**Task:**
From the line containing "Skin Medica TNS Recovery Complex" down to the line containing "1660287556112885.png 0.png", copy out the entries below exactly, both lines included, and nothing else; pictures do not belong in the copy.

**Exercise data:**
■ ■ ■ ■
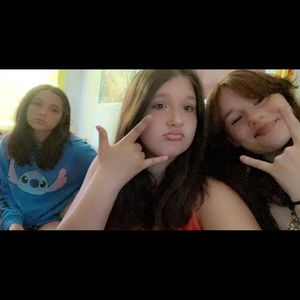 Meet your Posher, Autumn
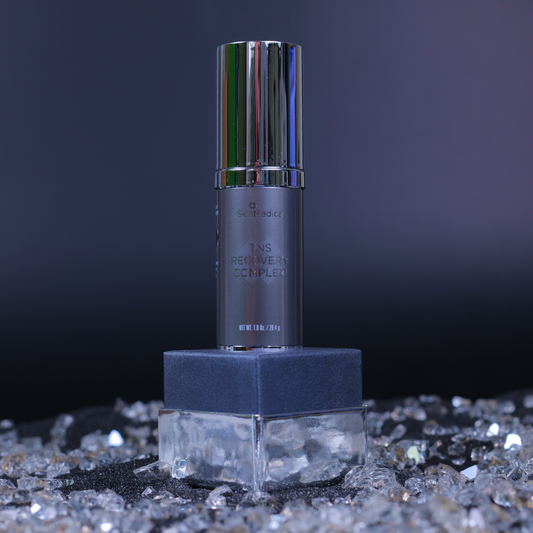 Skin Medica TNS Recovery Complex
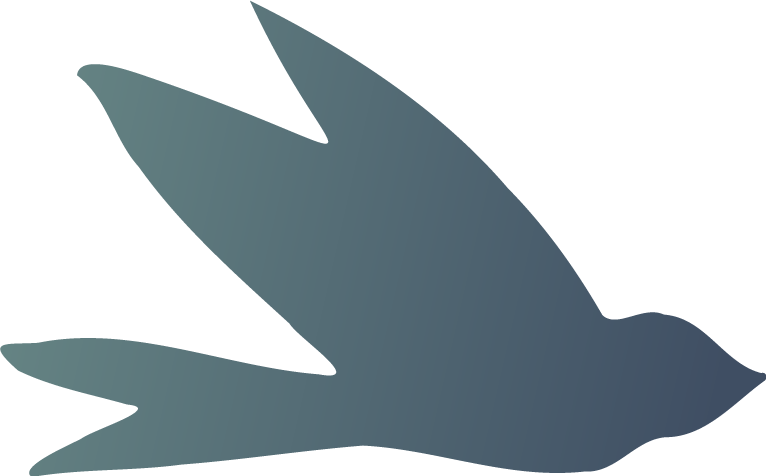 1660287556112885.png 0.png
■ ■ ■ ■
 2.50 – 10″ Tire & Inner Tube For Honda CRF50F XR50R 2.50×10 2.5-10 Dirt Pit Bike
■ ■ ■ ■
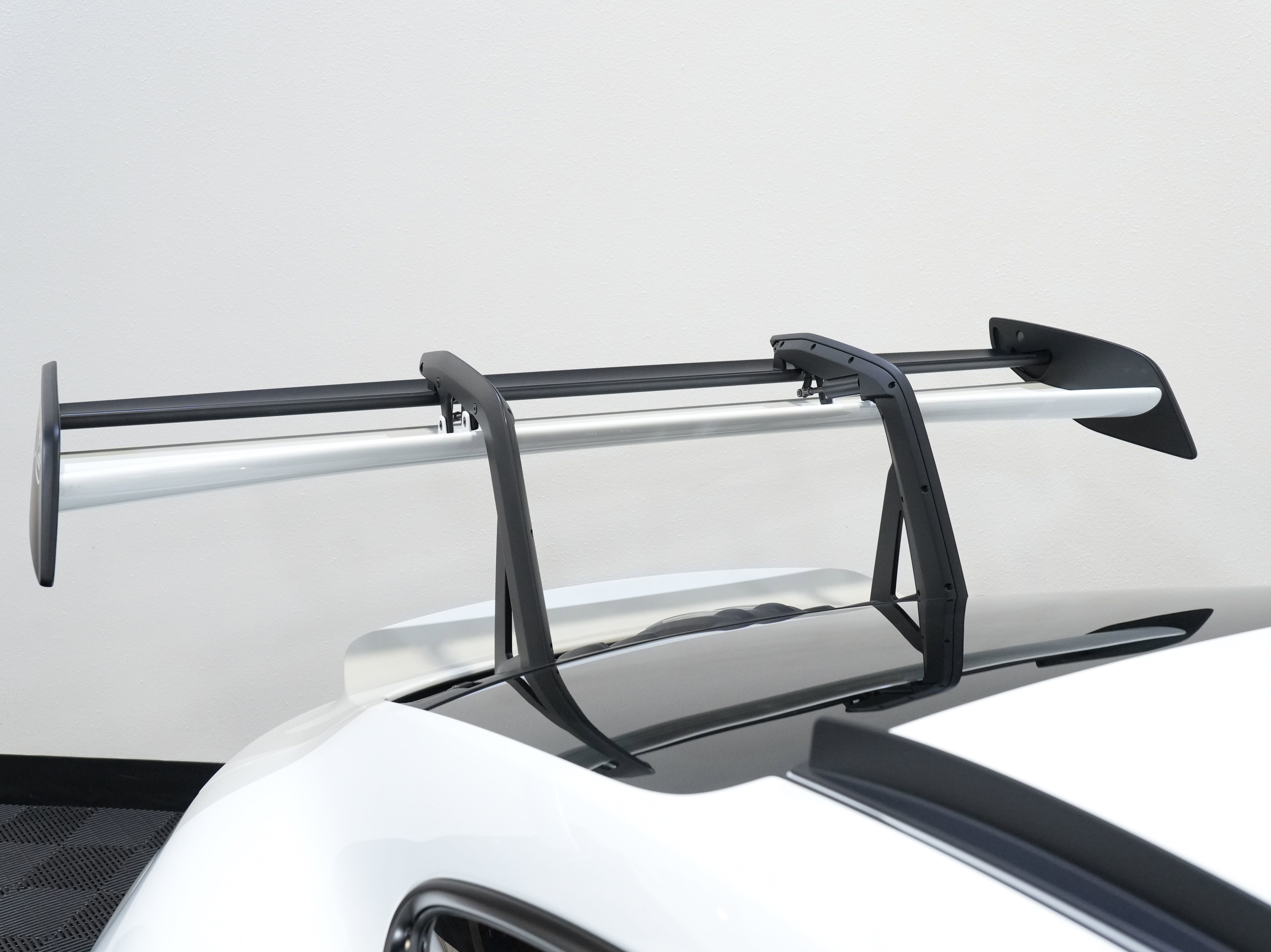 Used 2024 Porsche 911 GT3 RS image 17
■ ■ ■ ■
**Response box:**
 Skin Medica TNS Recovery Complex
 1660287556112885.png 0.png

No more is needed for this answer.